# conductor derating on rooftops



## sunpower (Jul 15, 2011)

Can a 15amp cot be derated to #6wire for a roof top. Seems crazy


----------



## oldtimer (Jun 10, 2010)

sunpower said:


> Can a 15amp cot be derated to #6wire for a roof top. Seems crazy


 Please Explain This!!!

15 amp cot???

Someone may be able to answer, if we know what you are asking! :blink:


----------



## sunpower (Jul 15, 2011)

Sorry ckt


----------



## oldtimer (Jun 10, 2010)

sunpower said:


> Sorry ckt


 O.K. 

Are you asking about an R T U ?

Voltage?

Single phase?

3 phase?

And as much other pertinent info. Please.


----------



## sunpower (Jul 15, 2011)

Threephase
110 volt
100' run
Rtu?


----------



## Wirenuting (Sep 12, 2010)

sunpower said:


> Threephase
> 110 volt
> 100' run
> Rtu?


3 phase 110? :/


----------



## sunpower (Jul 15, 2011)

One phase to ground is 110. Ps voltage does not affect ampacity as long as its under 600 volts


----------



## macmikeman (Jan 23, 2007)

sunpower said:


> One phase to ground is 110. Ps voltage does not affect ampacity as long as its under 600 volts


I'm curious to hear more about this.
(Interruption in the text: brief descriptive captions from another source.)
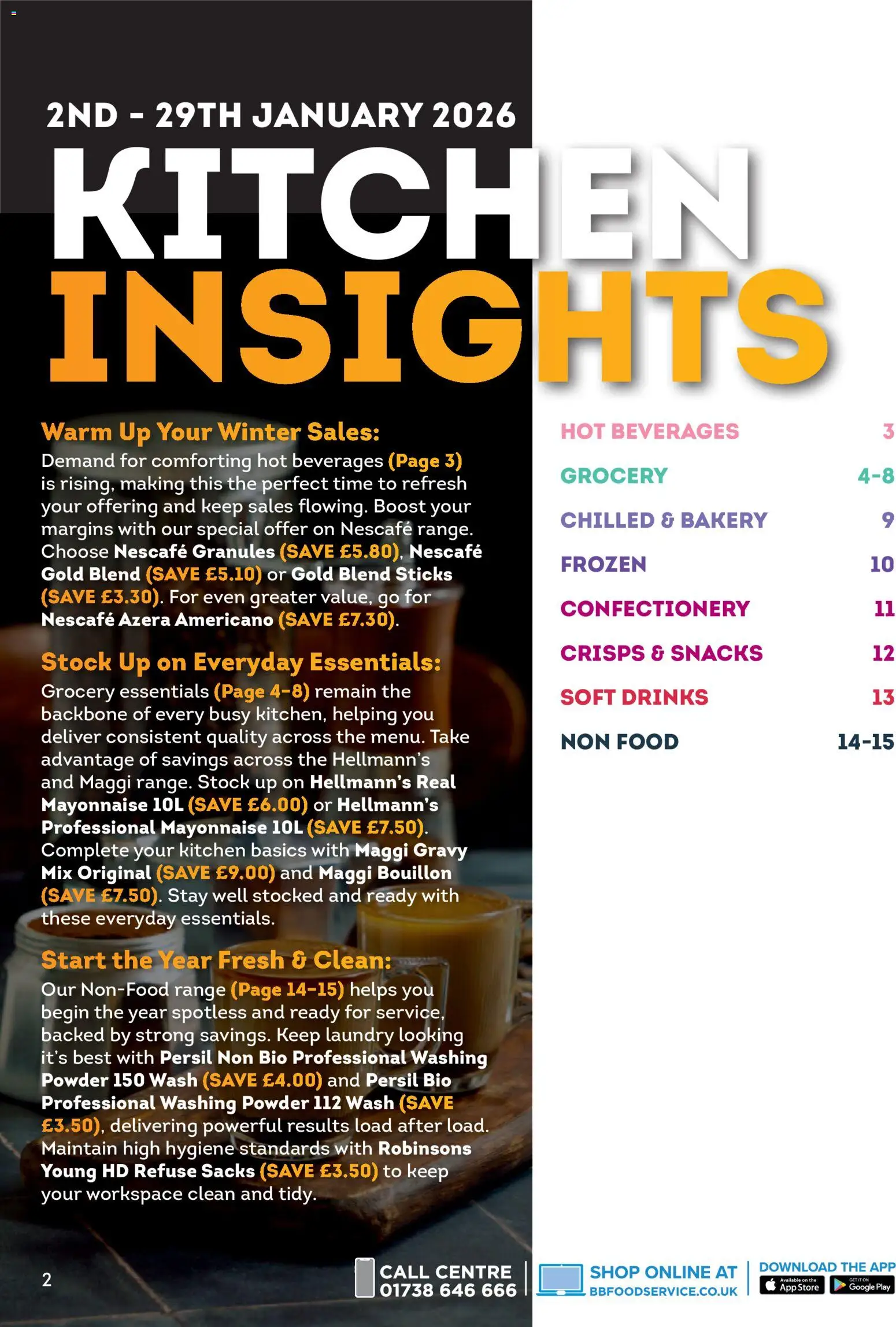 {H1} | Page: 2 | Products: Persil, Washing powder, Likőr, Bakery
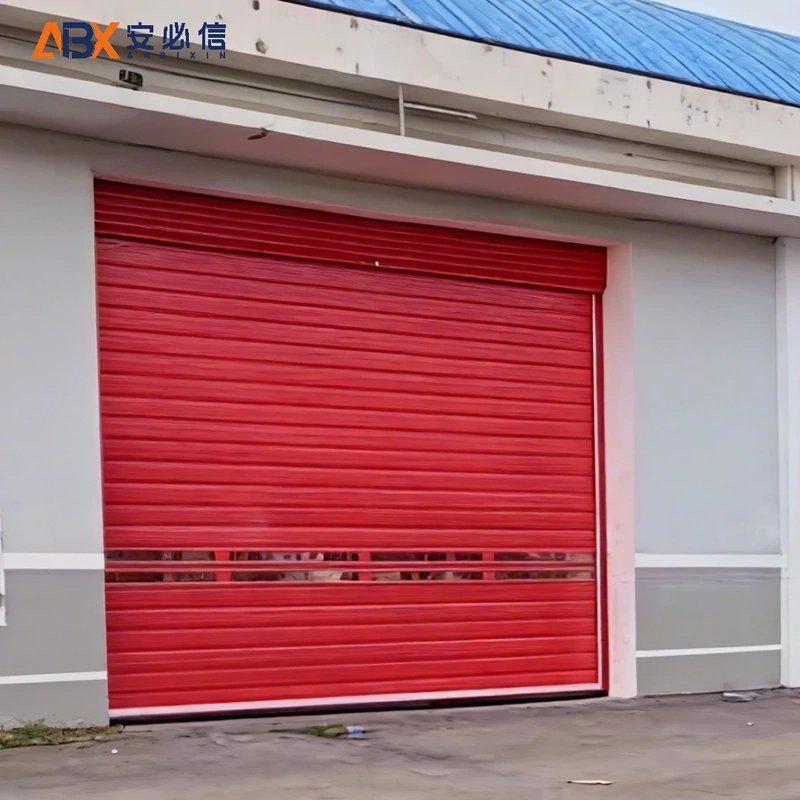 白银市金属高速门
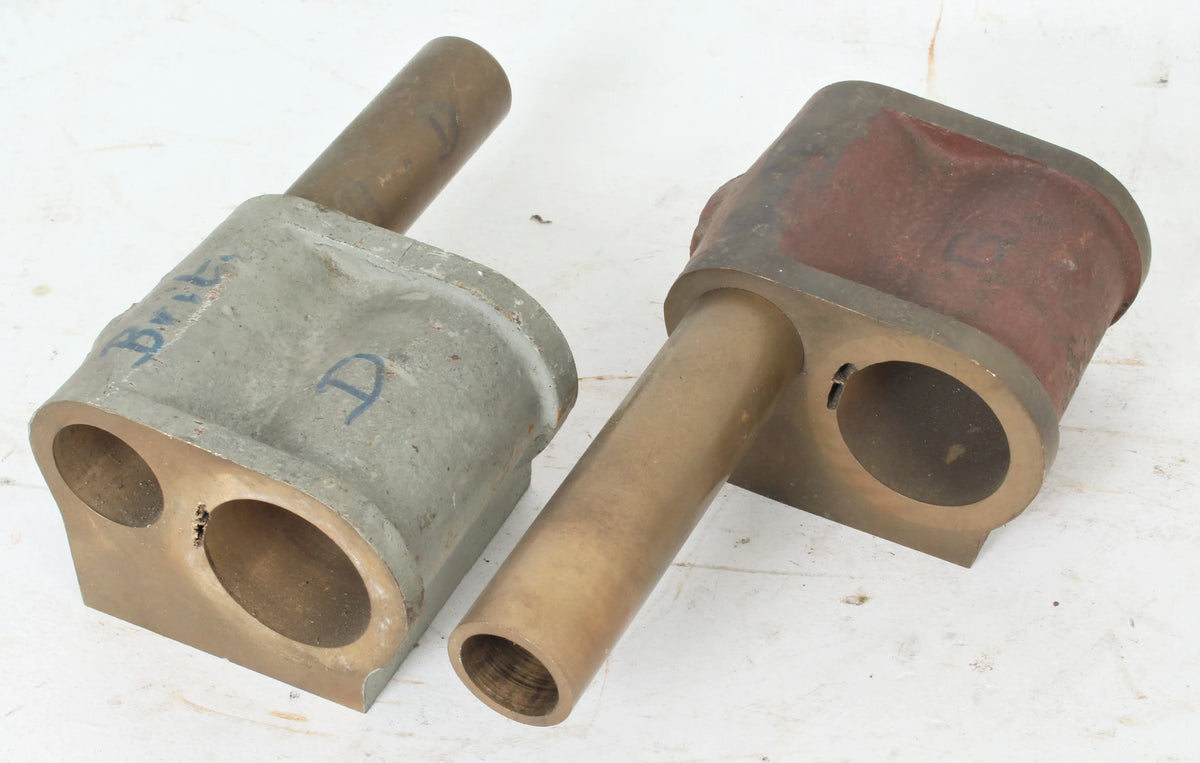 5 inch gauge Britannia frames, castings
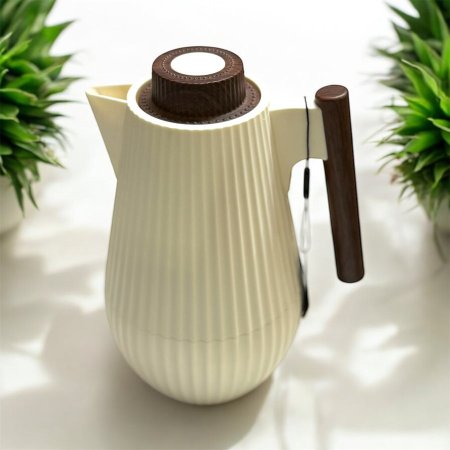براد قهوة محزز بلاستك ثقيل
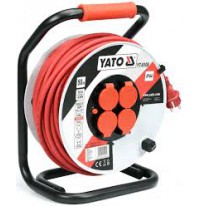 Ổ cắm quay tay kiểu Rulo 16A-50M YATO YT-8108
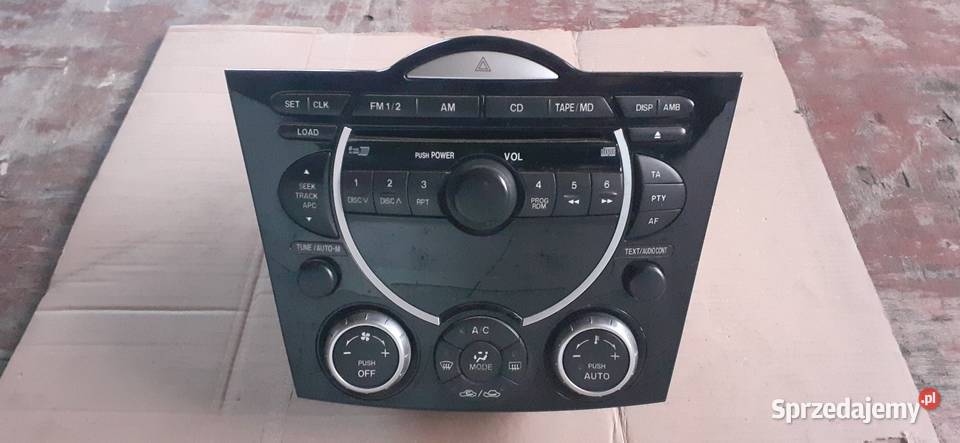 Radio mazda rx8 łódzkie Radomsko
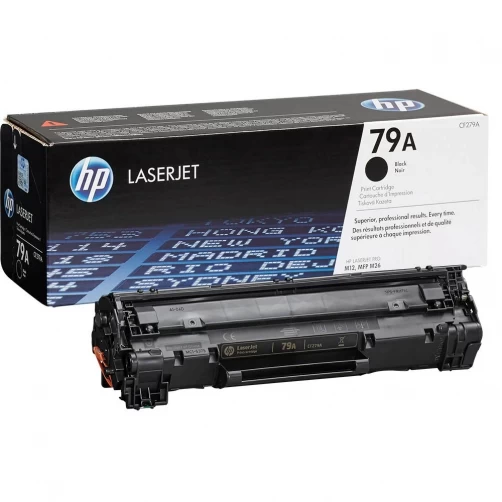 Original HP 79A / CF279A Toner Schwarz bis zu 1000 Seiten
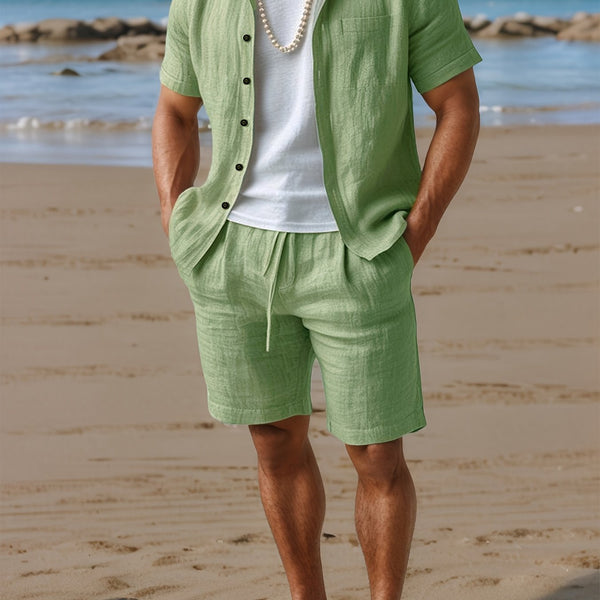 Elegante conjunto de verano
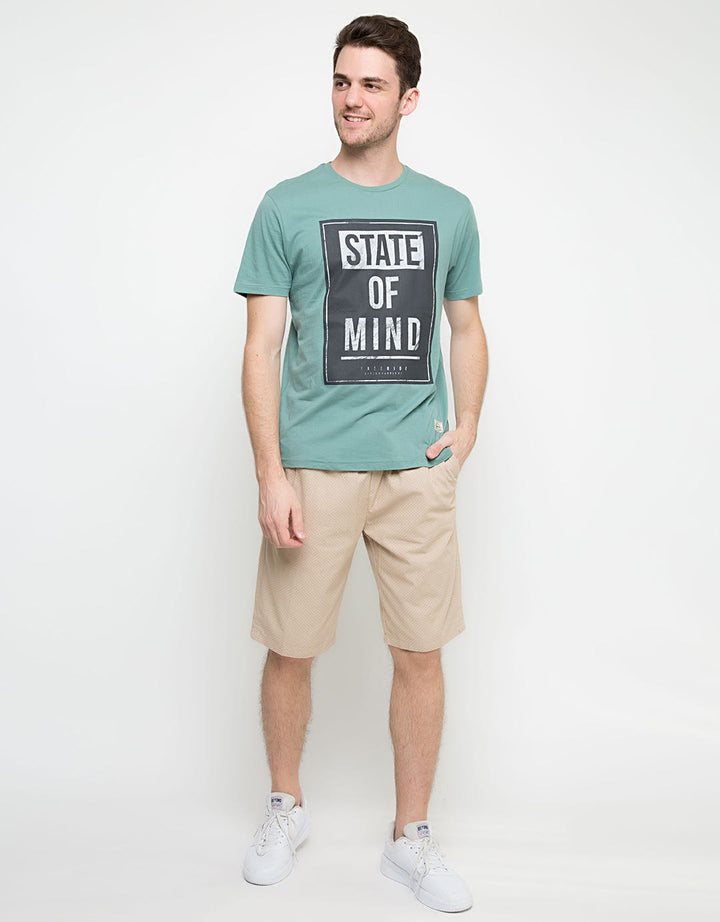 Freeride T-shirt Detail Print State Of Mind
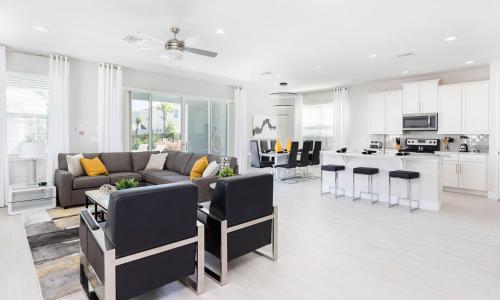 Rent Your Own Orlando Villa with Large Private Pool on Encore Resort at Reunion, Orlando Villa 4454 – Fotos 5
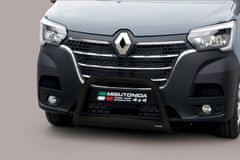 J&J Automotive Přední rámy pro Renault Master 2019-up 63mm černý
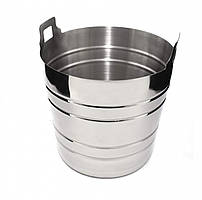 Відро для льоду з нержавіючої сталі Європейський тип 5 л One Chef NK-207081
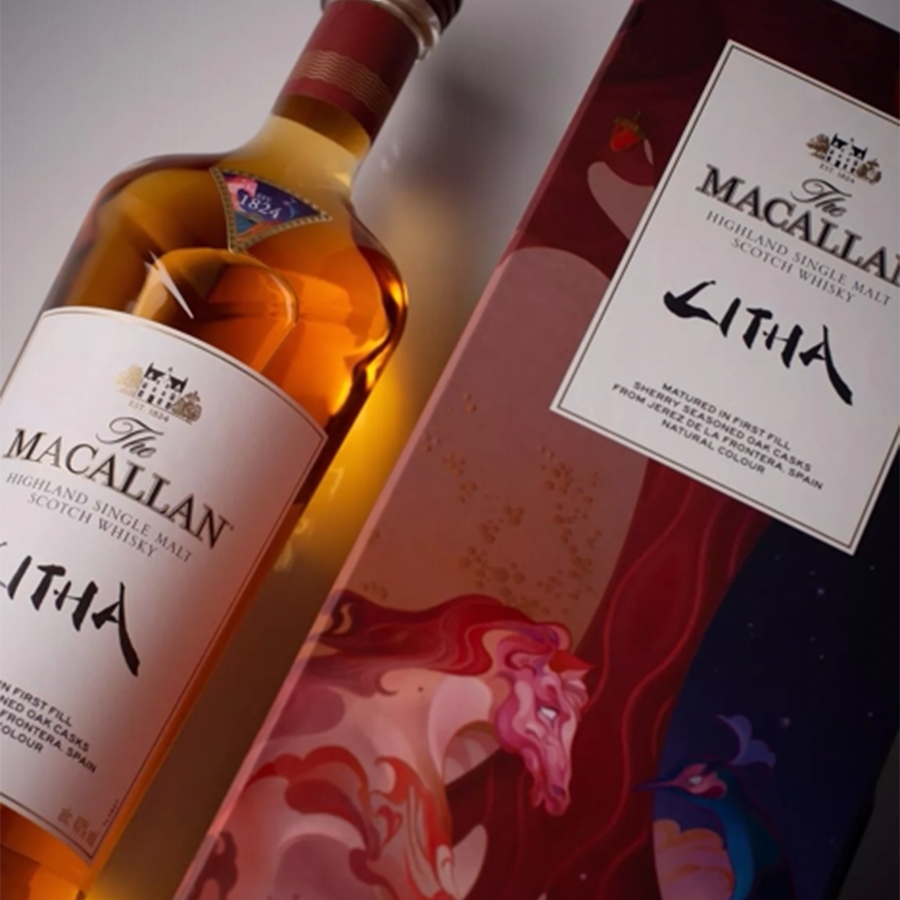 The Macallan Litha Single Malt Scotch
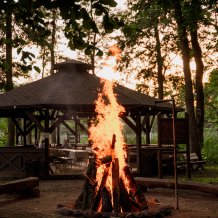 Wiata Grillowa i Piec Chlebowy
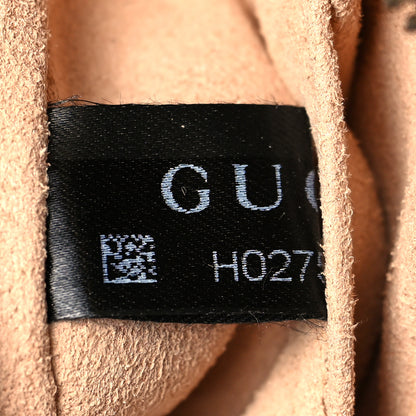 Gucci Calfskin Matelasse GG Marmont Belt Bag 85 34 Porcelain Rose 9 of 12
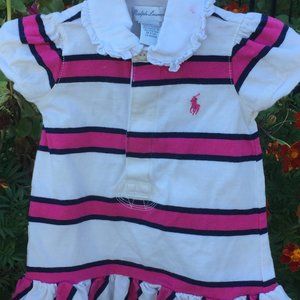 Ralph Lauren Girls 6M Dress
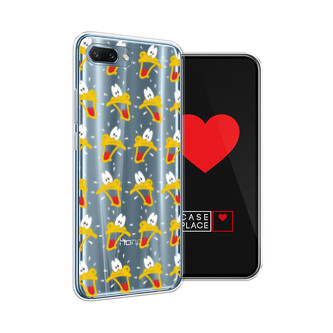 Силиконовый чехол Дак фон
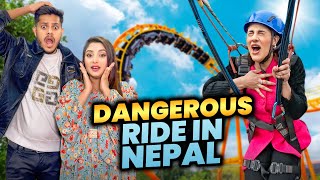 নেপালের সব থেকে ভয়ঙ্কর রাইডে উঠে অবস্থা খারাপ  Dangerous Ride In Nepal  Ep2  Rakib Hossain [upl. by Pachton]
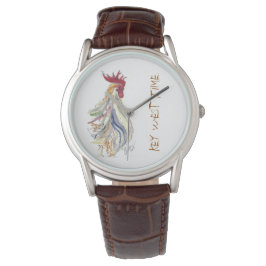 Key West Rooster Horloge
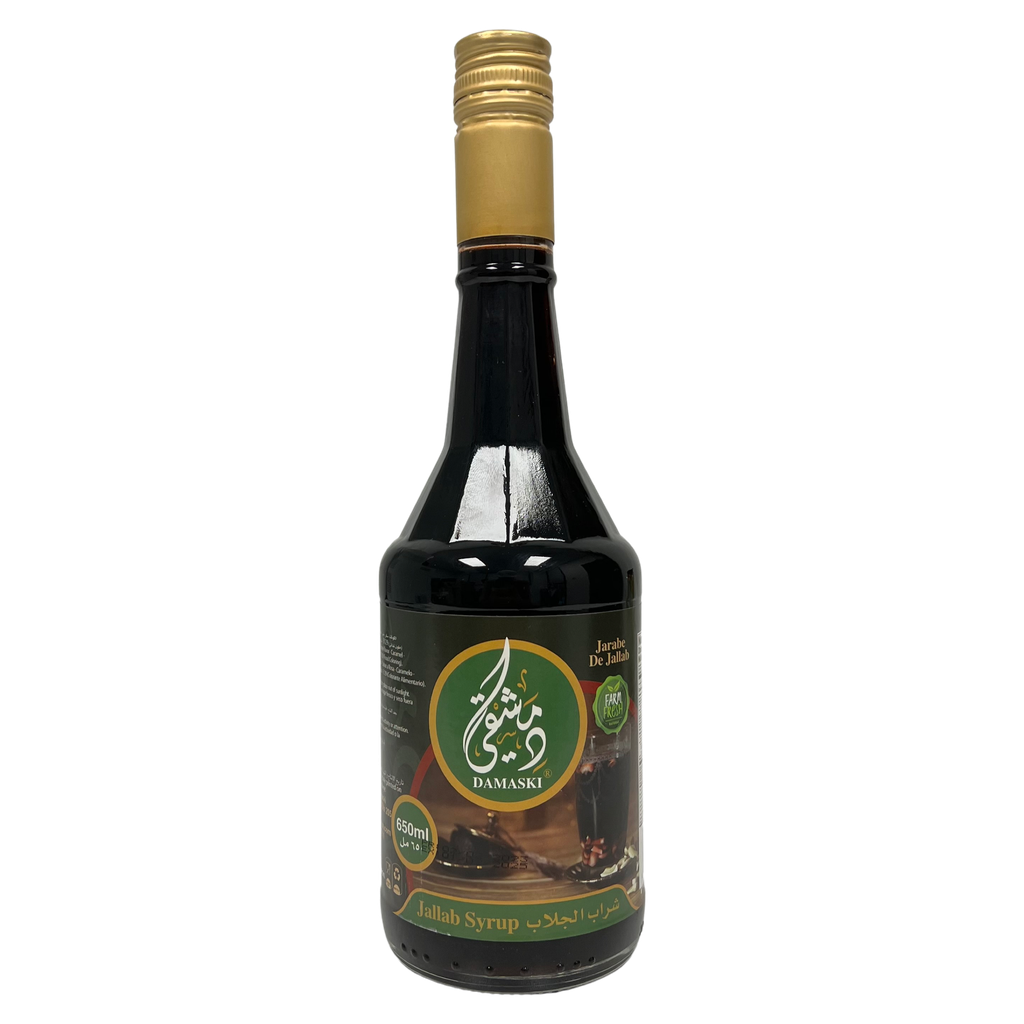 Damaski Jallab Syrup 650g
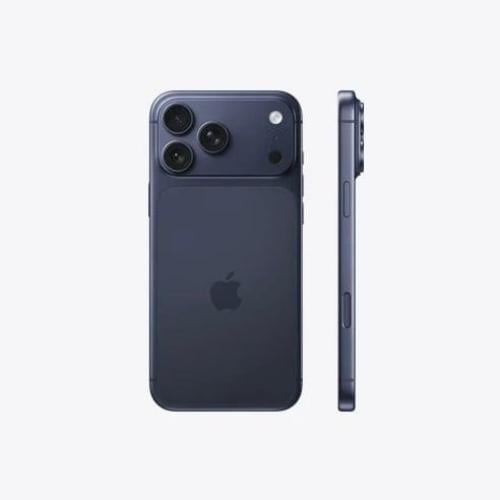 ابل ايفون 17 برو، 512 جيجا، 6.3 إنش ، ازرق غامق (نيلي غامق )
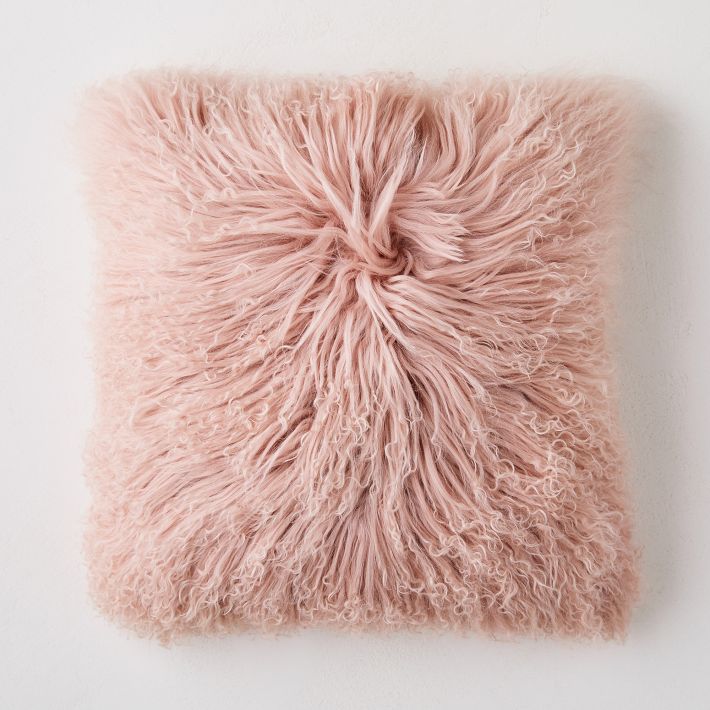 Fashion west elm lamb pillow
Can you please do some further elaboration on it so I can fill in some gaps in my knowledge?

Thanks in advance.


----------



## Wirenuting (Sep 12, 2010)

sunpower said:


> One phase to ground is 110. Ps voltage does not affect ampacity as long as its under 600 volts


Ok, if you say so.


----------



## sunpower (Jul 15, 2011)

What else do we need here. 110/208v 3 phase
One inch emt
22 conductors no neutrals
145 f ambient temp
Thwn-2 wire
75 c terminals on equipment


----------



## sunpower (Jul 15, 2011)

Its a tricky one right?


----------



## Wirenuting (Sep 12, 2010)

sunpower said:


> Its a tricky one right?


I just took a stab at it and came up with #6 also. 
Your #14 came up with a 5 amp capacity before the 45% derate. 
I'll wait for a better answer.


----------



## sunpower (Jul 15, 2011)

Now if I put j box right off roof. I can splice non temperature derated wires to the number 6 awe wire? As long as I derated conduit fill. Right


----------



## Wirenuting (Sep 12, 2010)

sunpower said:


> Now if I put j box right off roof. I can splice non temperature derated wires to the number 6 awe wire? As long as I derated conduit fill. Right


Don't go with my answer. 
I'll bet a buck I'm wrong.


----------



## sunpower (Jul 15, 2011)

Thanks for actually trying to help. 
I appreciate the calcs


----------



## ilikepez (Mar 24, 2011)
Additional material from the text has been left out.